_COLLECTED MATERIAL:_
##########
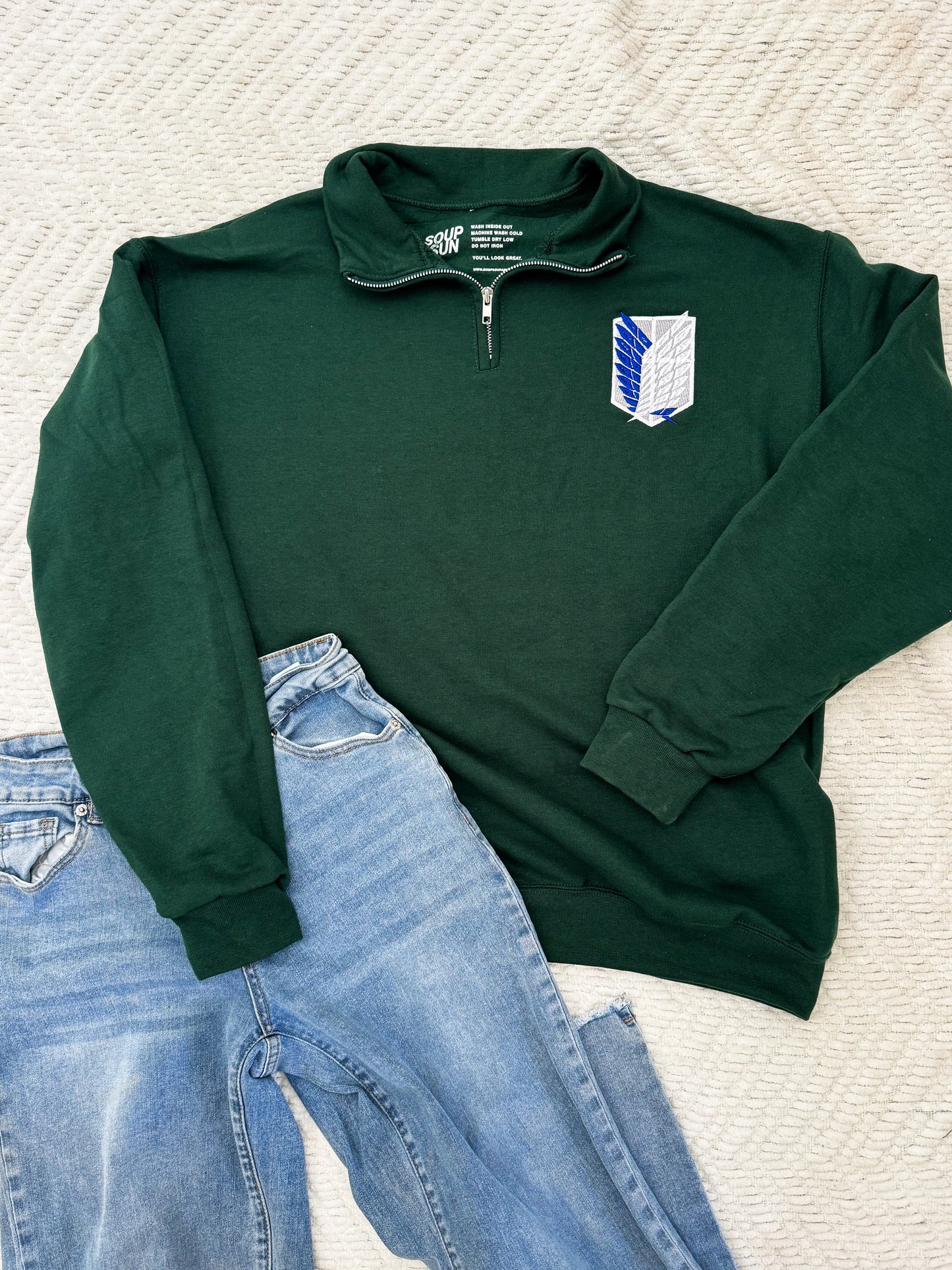 Wings of Freedom - Embroidered Quarter-Zip Sweatshirt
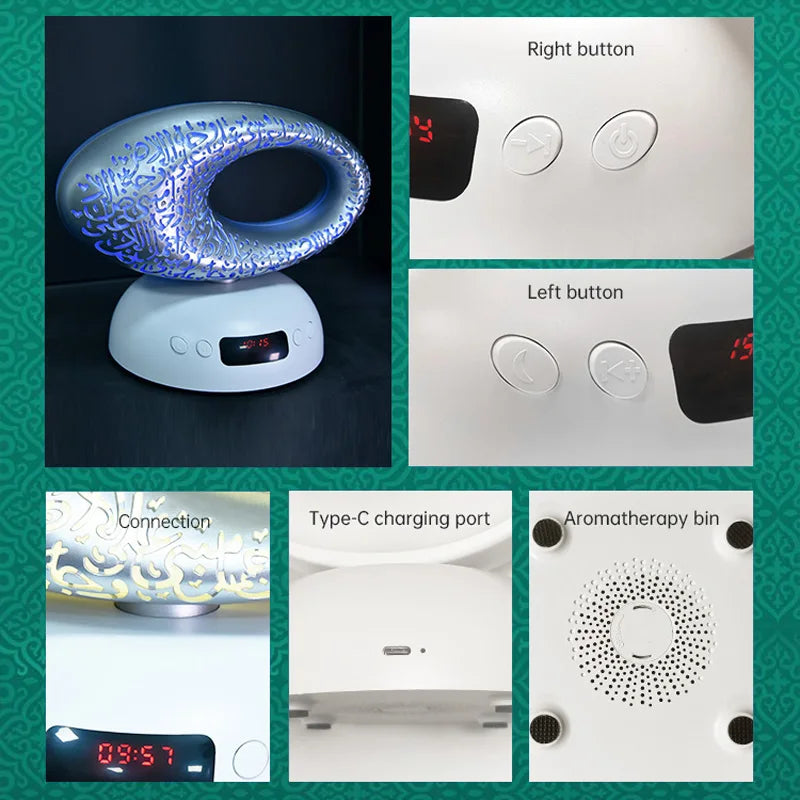 Azan Clock Quran Bluetooth Speaker & LED Night Light | AyeBeau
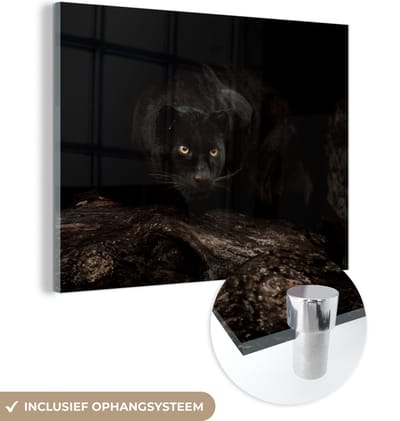 MuchoWow® Glasschilderij 160x120 cm - Schilderij acrylglas - Panter - Bos - Ogen - Foto op glas - Schilderijen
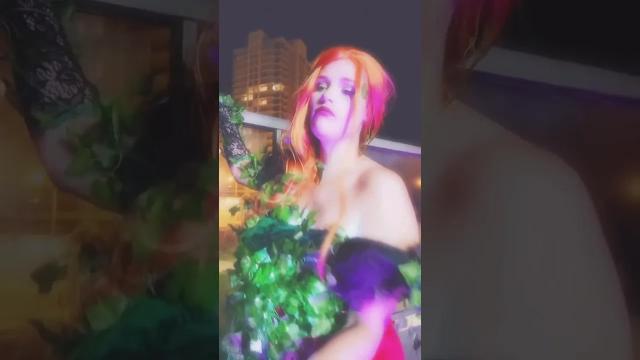 Title card image for video titled When #poisonivy breaks into your #gothamcity apartment... #batman #cosplay #dccomics #batmancosplay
##########
_EXERCISE DETAILS:_ An exact copy is needed of the lines running from the one with "Azan Clock Quran" through the end of the data above, and of those lines only, without pictures.

_TASK RESPONSE:_
 Azan Clock Quran Bluetooth Speaker & LED Night Light | AyeBeau
 MuchoWow® Glasschilderij 160x120 cm - Schilderij acrylglas - Panter - Bos - Ogen - Foto op glas - Schilderijen
 Title card image for video titled When #poisonivy breaks into your #gothamcity apartment... #batman #cosplay #dccomics #batmancosplay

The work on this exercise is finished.